I believe this classification was first enunciated by Alex Langhshur at eMetrics Toronto (2008). It’s worth expanding upon.

Consider the following classification for web analytics metrics:

  • Pre-Click Metrics
  • On-Site Metrics
  • Post-Click Metrics

To unpack that:

  • Pre-Click Metrics refer to all activities that led to a visit to a digital owned property. (E.G. paid search keywords, referring domain, any traditional spend)
  • On-Site Metrics refer to all the activities that can be observed on the site. (E.G. Visits to specific pages, graph analysis / path analysis, time spent on site, and a host of very specific things like the nebulous world of engagement.)
  • Post-Click Metrics refer to all the activities that occur after the visit. (E.G. Money getting transferred to your bank account, an email address getting opted-in by the user, and even the nebulous world of recommending the service to a friend.)

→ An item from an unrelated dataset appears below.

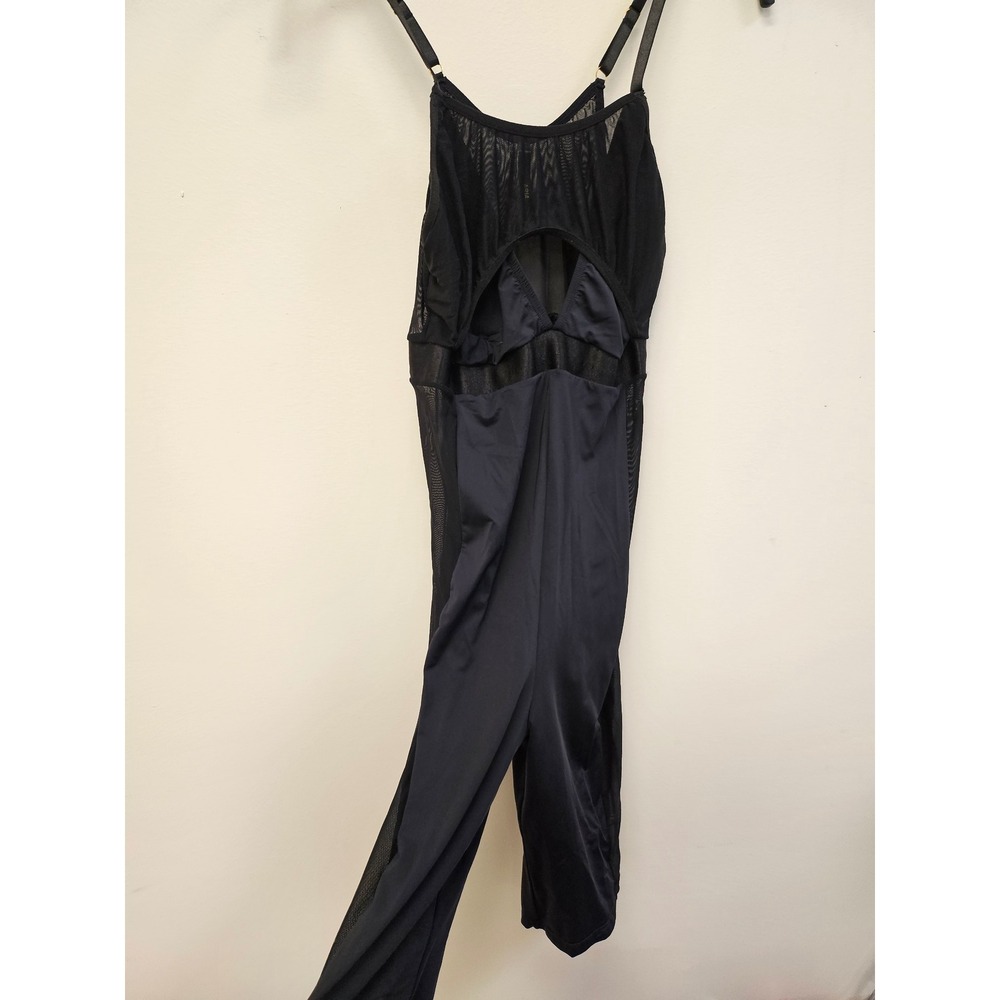 Aria Black Mesh Panel Bodysuit Adjustable Straps Size Medium JWP1072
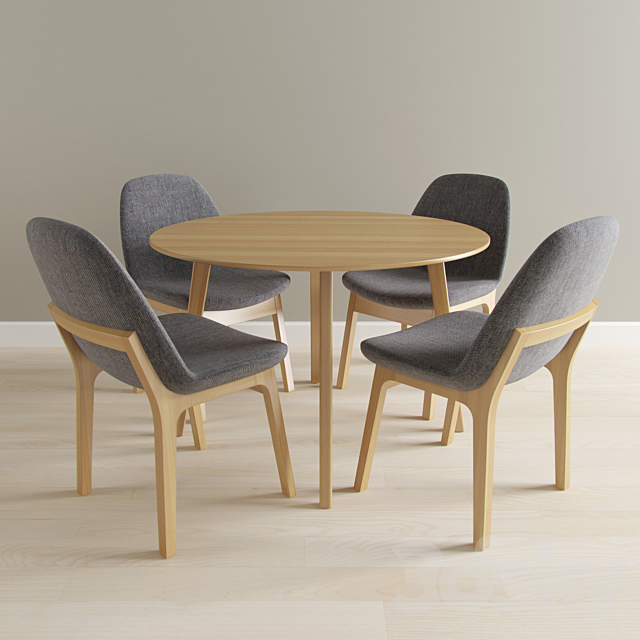 Modern Dining Table + Eiffel Wood Chair 3DSMax File - thumbnail 1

The advantages of this structure include:

  • A clear, simple, linear chain of causality from beginning to end.
  • Enables the separation of the On-Site metrics as its own intermediate variable.
  • Enables clean segmentation among visitor attributes: returning visitor, returning customer, geography, and so on.

The disadvantages of this structure include:

  • Is too linear, since it does not explicitly call out the impact of repeat visitation.
  • Is too linear, as it does not highlight the importance of loyalty and retention.
  • Is too linear, as it does not highlight the interplay between bricks and clicks.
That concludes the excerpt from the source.